Record set:

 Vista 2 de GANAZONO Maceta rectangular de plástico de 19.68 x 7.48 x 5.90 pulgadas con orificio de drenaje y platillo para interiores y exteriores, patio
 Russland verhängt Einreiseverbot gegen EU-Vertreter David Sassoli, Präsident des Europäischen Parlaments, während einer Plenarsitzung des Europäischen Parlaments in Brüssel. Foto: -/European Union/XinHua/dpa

---

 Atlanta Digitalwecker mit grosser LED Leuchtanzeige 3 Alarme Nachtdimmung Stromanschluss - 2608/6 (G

--

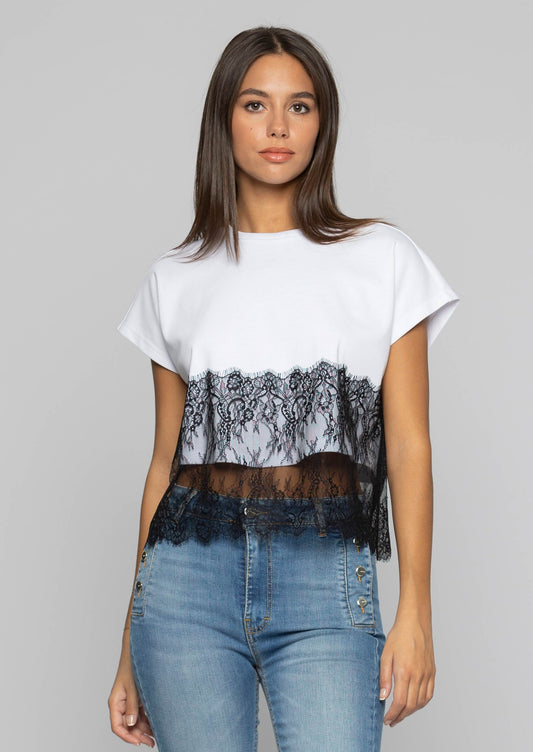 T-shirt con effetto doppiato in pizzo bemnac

Required work: In the listing above, find the line holding "Vista 2 de GANAZONO" and the line holding "Russland verhängt Einreiseverbot", then output those two lines and every line between them exactly.

Expected answer:
 Vista 2 de GANAZONO Maceta rectangular de plástico de 19.68 x 7.48 x 5.90 pulgadas con orificio de drenaje y platillo para interiores y exteriores, patio
 Russland verhängt Einreiseverbot gegen EU-Vertreter David Sassoli, Präsident des Europäischen Parlaments, während einer Plenarsitzung des Europäischen Parlaments in Brüssel. Foto: -/European Union/XinHua/dpa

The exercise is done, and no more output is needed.